De acordo com o disposto no Artº 40º, nº 1, do Código Penal, a aplicação das penas visa a protecção de bens jurídicos e a reintegração do agente na sociedade.

As finalidades das penas, na previsão, na aplicação e na execução, são assim na filosofia da lei penal vigente a protecção de bens jurídicos e a integração do agente do crime nos valores sociais afectados.

Na protecção de bens jurídicos está ínsita uma finalidade de prevenção de comportamentos danosos que afectem tais bens e valores (prevenção geral) como também a realização de finalidades preventivas que sejam aptas a impedir a prática pelo agente de futuros crimes (prevenção especial negativa).

As finalidades das penas na sua vertente de prevenção positiva geral e de integração ou prevenção especial de socialização conjugam-se na prossecução do objectivo comum de, por meio da prevenção de comportamentos danosos, proteger bens jurídicos comunitariamente valiosos cuja violação constitui crime.

No caso concreto, a finalidade de tutela e protecção de bens jurídicos há-de constituir o motivo fundamento da medida da pena, da tutela da confiança das expectativas da comunidade na validade das normas e especificamente na validade e integridade das normas e dos correspondentes valores concretamente afectados.

Por seu turno, a finalidade de reintegração do agente na sociedade há-de ser em cada caso prosseguida pela imposição de uma pena cuja espécie e medida, determinada por critérios derivados das exigências de prevenção especial, se mostre adequada e seja exigida pelas necessidades de ressocialização do agente, ou pela intensidade da advertência que se revele suficiente para realizar tais finalidades.

Nos limites da prevenção geral de integração e de prevenção especial de socialização deverá ser encontrada a medida concreta da pena, sempre de acordo com o princípio da culpa que, nos termos do Artº 40º, nº 2, do Código Penal, constitui limite inultrapassável da prevenção a realizar através da pena.

Ora, a operação de determinação da(s) pena(s), dentro dos apontados limites, faz-se, segundo o Artº 71º, nº 1, do Código Penal, em função da culpa do agente e das exigências de prevenção.
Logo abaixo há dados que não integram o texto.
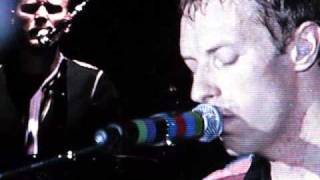 Chris &quot;messes up&quot; in The Hardest Part, Coldplay live at Wembley, 2009, with Postcards From Far Away
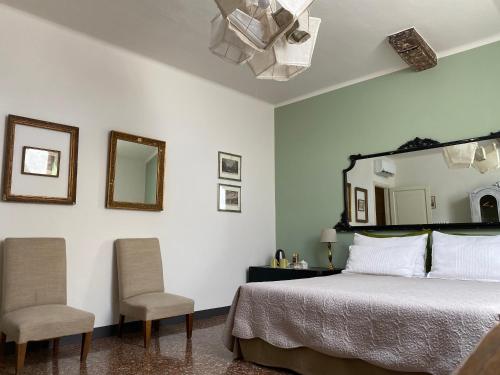 博洛尼亚BLQ 01精品住宿加早餐旅馆的一间卧室配有一张带两把椅子和镜子的床
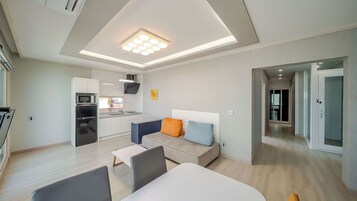 A modern hotel room with a kitchenette, a sofa with cushions, a dining table, and a separate bedroom area.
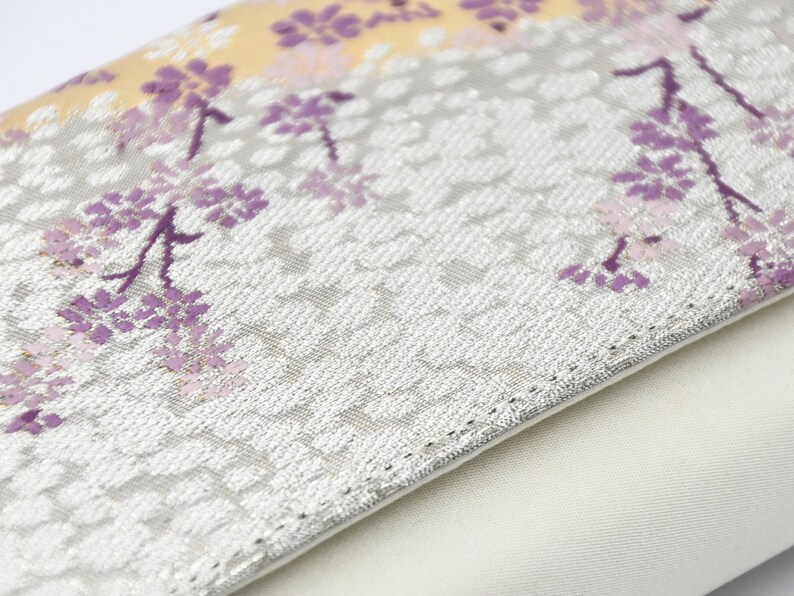May include: A white clutch purse with a silver floral pattern and a white lining. The floral pattern features purple and pink flowers.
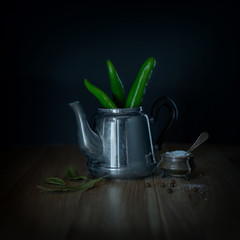 Green chili peppers in a metal teapot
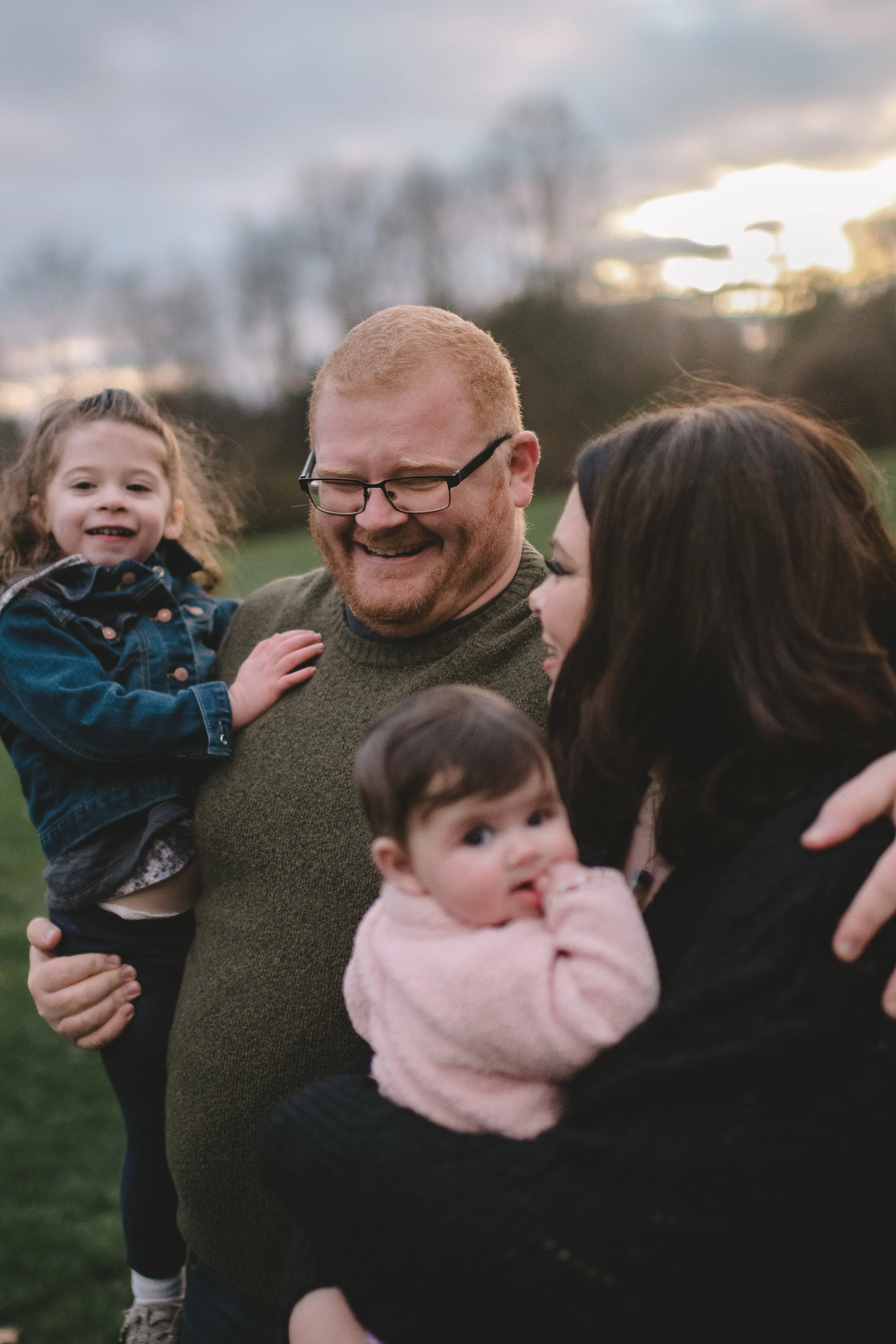 A family of four outdoors; a man with glasses, an woman, a young girl on the man's shoulder, and a baby in the woman's arms, all smiling and enjoying the moment at sunset.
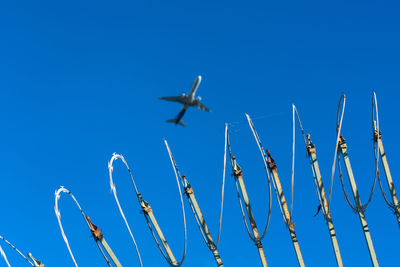 Low angle view of airplane flying against clear blue sky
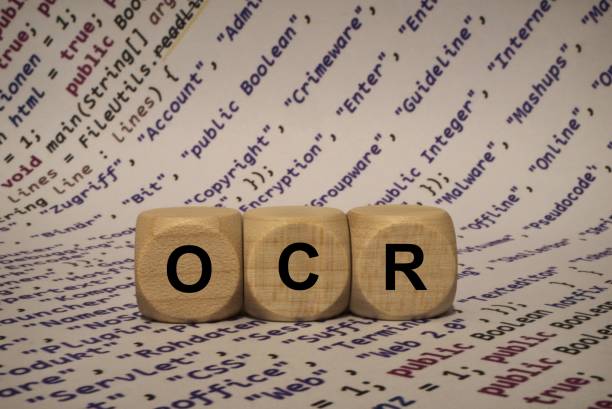 istock ocr - cube with letters and words from the computer, software, internet categories, wooden cubes 653939090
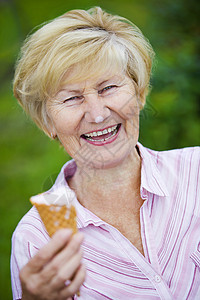 满足兴高采烈的老妇人着冰淇淋笑着图片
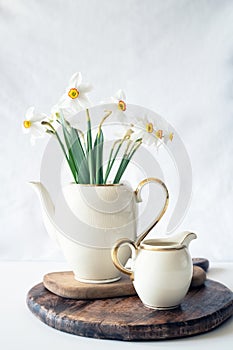 Still life with a blooming bouquet of white daffodils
Atendendo-se, conforme prescreve o nº 2 do mesmo preceito legal, a todas as circunstâncias que, não fazendo parte do tipo de crime, depuserem a favor ou contra o agente, nomeadamente:

- Ao grau de ilicitude do facto, o modo de execução deste e a gravidade das suas consequências, bem como o grau de violação dos deveres impostos ao agente – al. a);
- À intensidade do dolo ou da negligência – al. b);
- Aos sentimentos manifestados no cometimento do crime e os fins ou motivos que o determinaram- al. c);
- Às condições pessoais do agente e a sua situação económica – al. d);
- À conduta anterior ao facto e a posterior a este, especialmente quando esta seja destinada a reparar as consequências do crime – al. e); e
- À falta de preparação para manter uma conduta lícita, manifestada no facto, quando essa falta deva ser censurada através da aplicação da pena – al. f).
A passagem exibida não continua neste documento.